- [Exercise] Apart from the images, reproduce all of the data word for word.

- [Exercise data]
==========
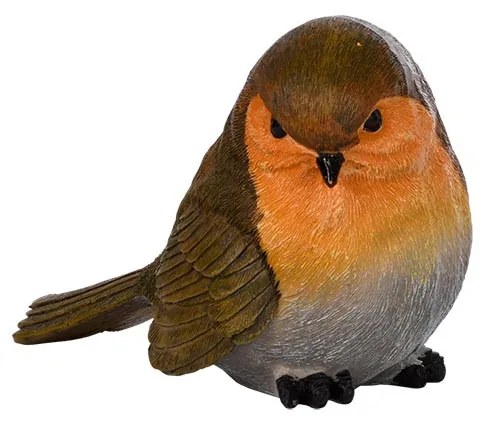 Vörösbegy polyresin szobor, S, A típus, kültéri és beltéri dekorációs kiegészítő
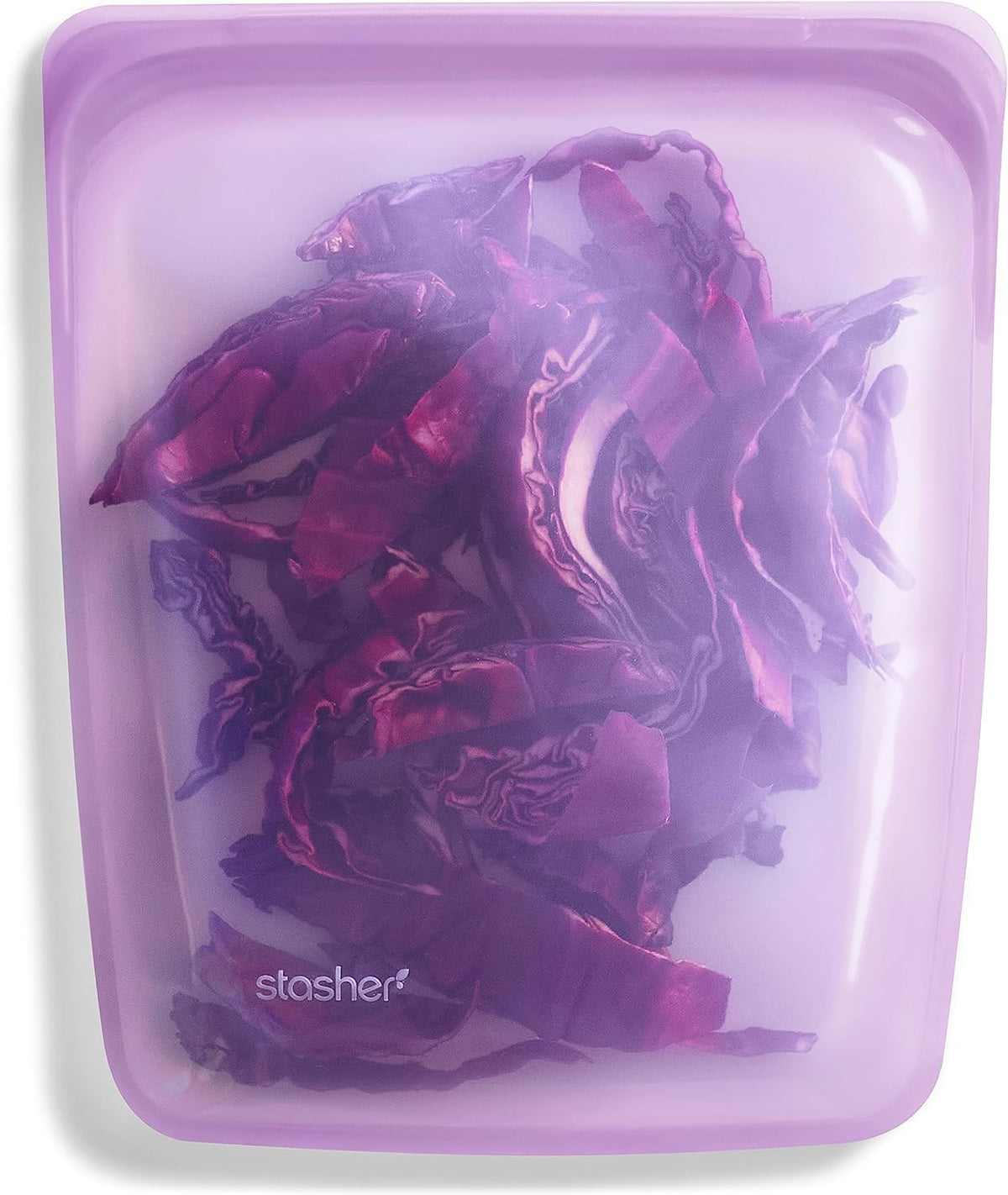 Stasher premium 64oz frente, bolsa reutilizable ideal para almacenar porciones grandes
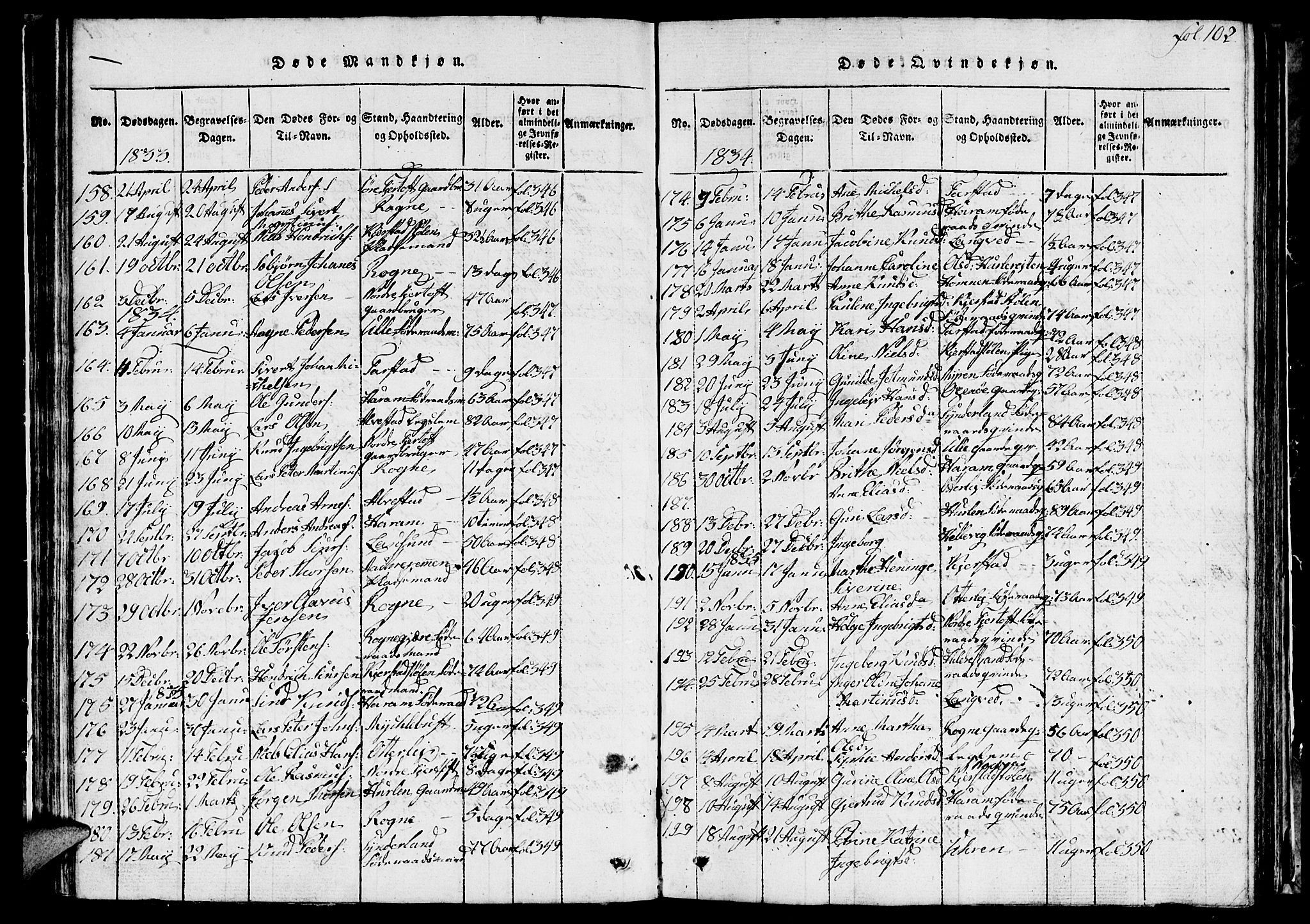 Ministerialprotokoller, klokkerbøker og fødselsregistre - Møre og Romsdal, SAT/A-1454/536/L0506: Parish register (copy) no. 536C01, 1818-1859, p. 102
==========
- [The completed task]
 Vörösbegy polyresin szobor, S, A típus, kültéri és beltéri dekorációs kiegészítő
 Stasher premium 64oz frente, bolsa reutilizable ideal para almacenar porciones grandes
 Ministerialprotokoller, klokkerbøker og fødselsregistre - Møre og Romsdal, SAT/A-1454/536/L0506: Parish register (copy) no. 536C01, 1818-1859, p. 102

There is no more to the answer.